Jack Kaye, CEO of Davion Healthcare Plc, commented:
“The proposed acquisition of Humaskan and the intended establishment of Davion Healthcare Finance Ltd reflect our strategy of building a broader and more scalable healthcare platform.
“We believe combining proprietary technologies, commercial capability, targeted acquisitions and access to long-term institutional capital has the potential to create a flexible foundation for future growth.
“Our intention is to create a financing platform capable of supporting disciplined acquisition activity whilst maintaining a long-term approach to value creation.”
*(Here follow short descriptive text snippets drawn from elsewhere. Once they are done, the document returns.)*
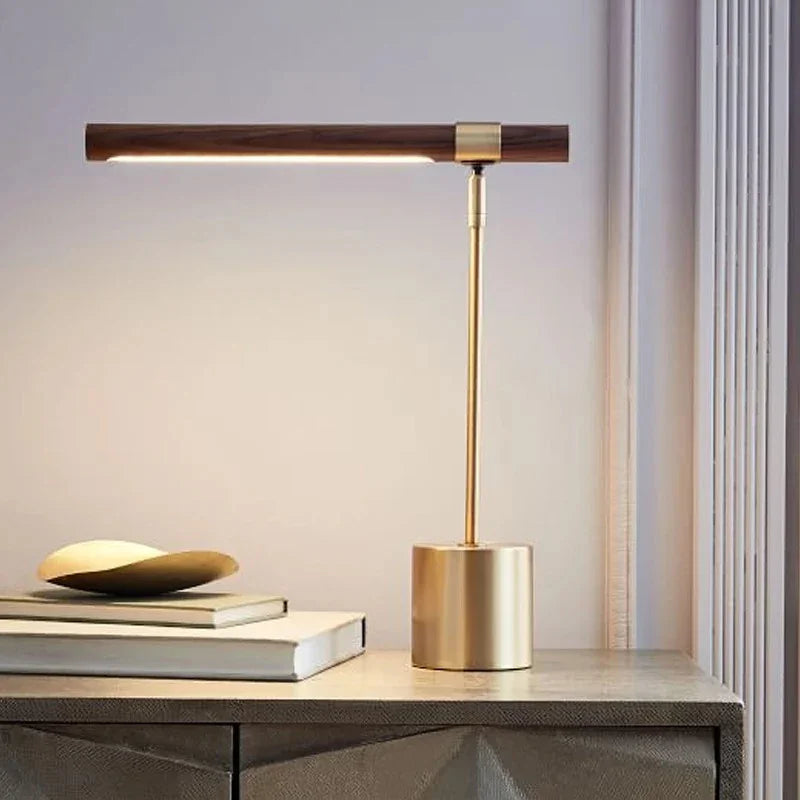 Modern Wood Table Lamp With Warm LED Glow for Home Office — Ashbury Home & Living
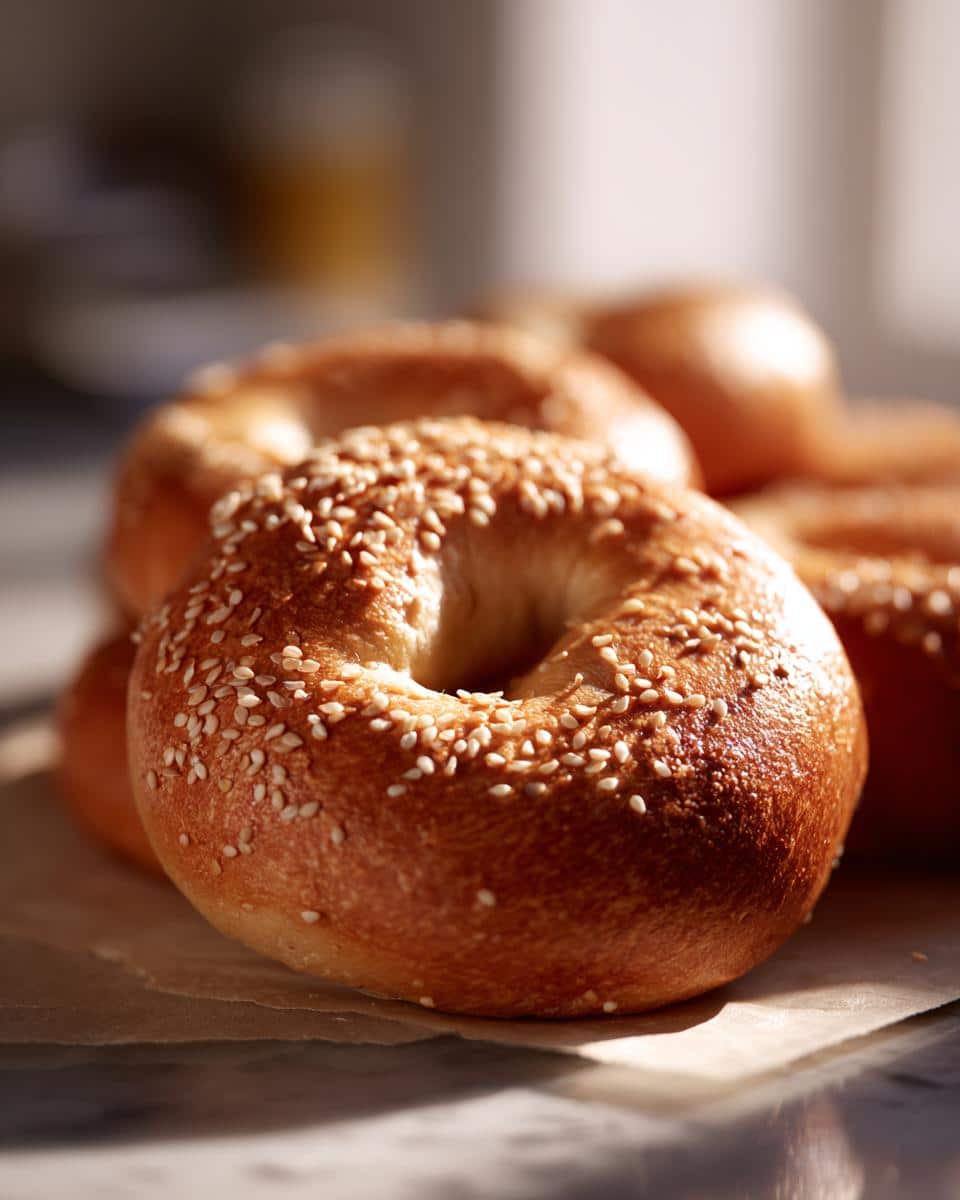 Close-up of freshly baked homemade bagels recipe topped with sesame seeds.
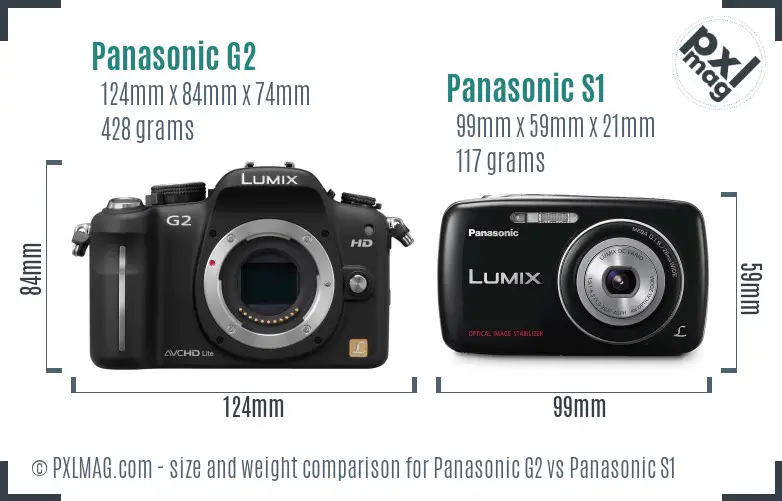 Panasonic G2 vs Panasonic S1 size comparison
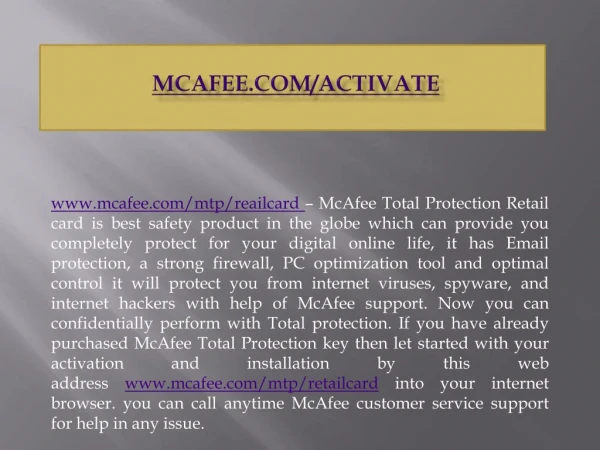 McAfee.com/Activate - East steps to Download, Install and Use McAfee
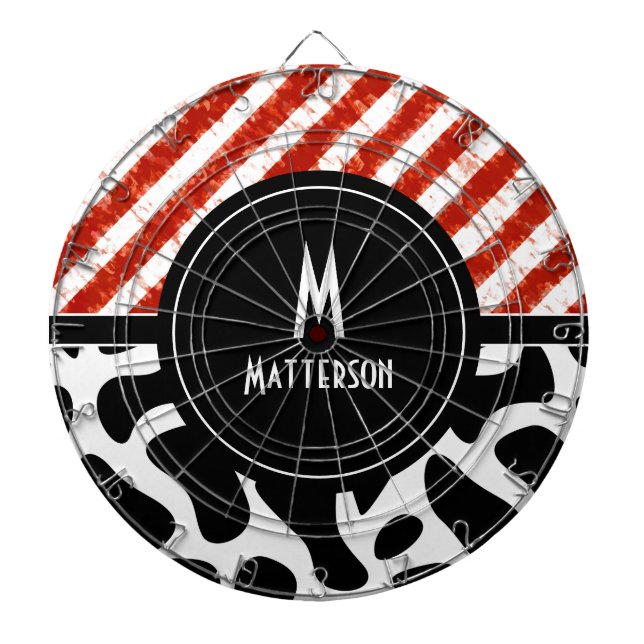 Modern Red White Stripe Black Pattern Monogram  Dart Board (Front)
The Company will provide further updates regarding the proposed acquisition, financing programme and anticipated implementation timetable in due course.
Contacts
Media Enquiries:
[email protected]
For more information please visit:
www.davionhealthcare.com
FORWARD LOOKING STATEMENTS
This announcement contains forward-looking statements within the meaning of the “safe harbor” provisions of the U.S. Private Securities Litigation Reform Act of 1995. Such statements include, but are not limited to, those identified by words such as “believes,” “will,” “expects,” “anticipates,” “estimates,” “intends,” “plans,” “targets,” “projects” and similar expressions. The statements in this release are based upon the current beliefs and expectations of our company’s management and are subject to significant risks and uncertainties. Actual results may differ from those set forth in these forward-looking statements. Numerous factors could cause or contribute to such differences, including, but not limited to, the results of product evaluations, studies, regulatory reviews and commercial adoption and/or other studies, clinical trials, the challenges inherent in new product development initiatives, the impact of any competitive products, our ability to license and protect our intellectual property, our ability to raise additional capital in the future, changes in government policy and/or regulation, potential litigation by or against us, any governmental review of our products or practices, and other risks discussed from time to time in our filings with the Securities and Exchange Commission. We undertake no obligation to update any forward-looking statements, or any information contained in this press release or in other public disclosures, at any time. Finally, the investing public is reminded that only announcements or information about Davion Healthcare Plc disseminated by the Company and bearing its name are considered official.